“Il faut faire preuve d’inventivité”
s’est écrié le ministre du logement et de la ville, Madame Christine Boutin, après avoir, je cite la dépêche de l’agence Reuters, lancé l’idée d’ajouter un étage aux immeubles bâtis comme à ceux en construction, afin d’enrayer la crise du logement en France.
On ne peut qu’être admiratif face à tant d’audace et d’ingéniosité.
On est un peu impressionné aussi de la facilité avec laquelle Madame le Ministre enjambe sans ciller la barrière plus basse qu’on ne l’aurait cru, il est vrai, mais il ne s’agit finalement que d’une infimité de lettres, qui sépare l’ingéniosité de l’ingénuité.
A se demander pourquoi ses prédécesseurs ont toujours tu cette opportunité qui nous tend les bras depuis le dernier étage.
Son homologue chargé du travail osera-t-il lui emboîter le pas, courageusement, dans l’escalier en proposant que l’on ajoute non pas un mais deux étages supplémentaires par immeuble afin de créer plus d’emplois encore et d’enrayer également la crise du chômage ?
Quoi qu’il en soit, les travaux ne devraient pas commencer dans l’immédiat.
En effet, à l’époque où les SDF tentent de se sédentariser en installant leurs tentes où ils peuvent, la facétieuse Madame Boutin a, tout en dénonçant la crise du logement, converti en caravane jetée sur les routes le ministère qui entre tous avait vocation à posséder une adresse fixe, celui du logement.
Elle a dissipé tout doute quant au caractère résolument nomade de son ministère délocalisé un temps à Lyon en précisant que “Lyon n’est qu’une première étape d’un processus irréversible, nous allons entamer un tour de France.”
On aurait tort de céder à une ironie facile alors que la décision du ministre n’est pas dénuée de pertinence si l’on y prête attention.
Les locaux du ministère du logement sont vacants et devraient ainsi pouvoir accueillir des personnes sans domicile. Par ailleurs, les gens du voyage si souvent victimes d’ostracisme peuvent se réjouir de ce rapprochement pour le moins inhabituel de leurs préoccupations par le ministère du logement.
Le ministre a tenu à consolider sa proposition en ajoutant : “Cette idée est apparue dans nos débats, elle doit être étudiée, elle offre l’avantage de ne pas consommer trop d’espace.”
Le fameux slogan “En France, on n’a pas de pétrole mais on a des idées” qui avait fleuri lors du premier choc pétrolier conserve aujourd’hui encore toute sa pertinence.

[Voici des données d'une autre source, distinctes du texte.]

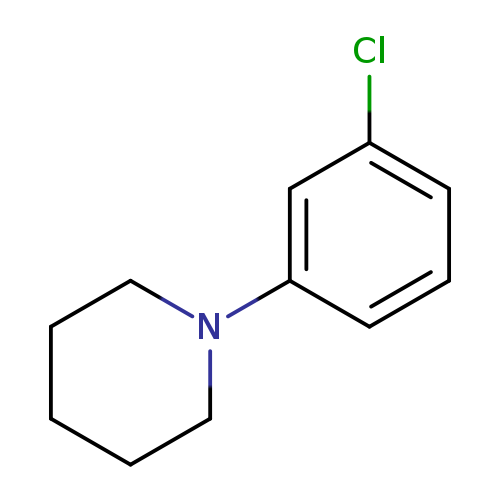1-(3-Chlorophenyl)piperidine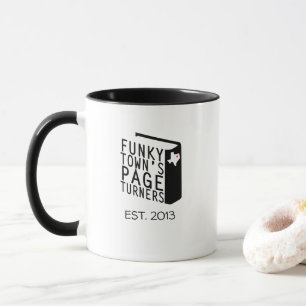 Mugg för kaffe och tea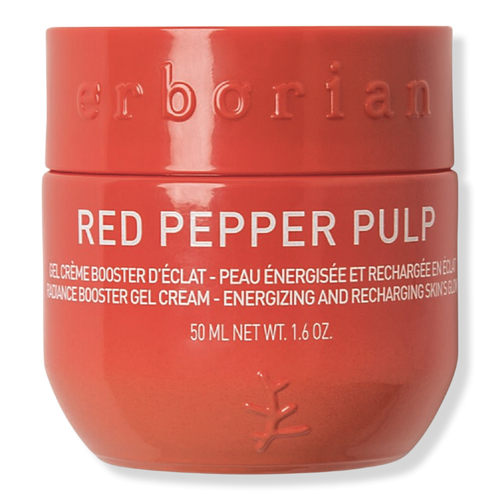 Erborian Red Pepper Pulp Gel Moisturizer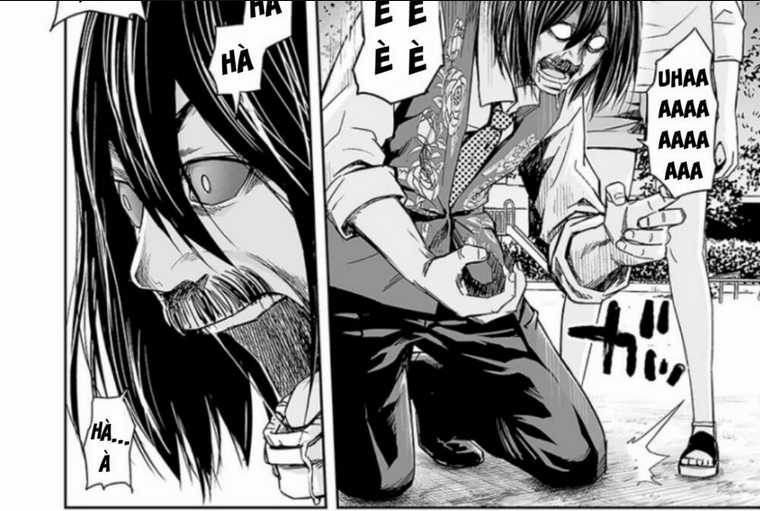 Tsuyoshi Chapter 26 trang 19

La caravane du ministère du logement avec à sa tête son ministre perchée sur une Rossinante poursuivra sa route longtemps après que la France aura épuisé sa dernière goutte de pétrole et même son dernier seau de béton.
Cependant, c’est sans méchanceté aucune que je souhaite à madame le ministre de ne jamais atteindre les Etats-Unis pourtant si chers au Président, au risque de connaître le même sort que le petit cheval blanc de Georges Brassens. La violence du choc pourrait, en effet, lui être fatale.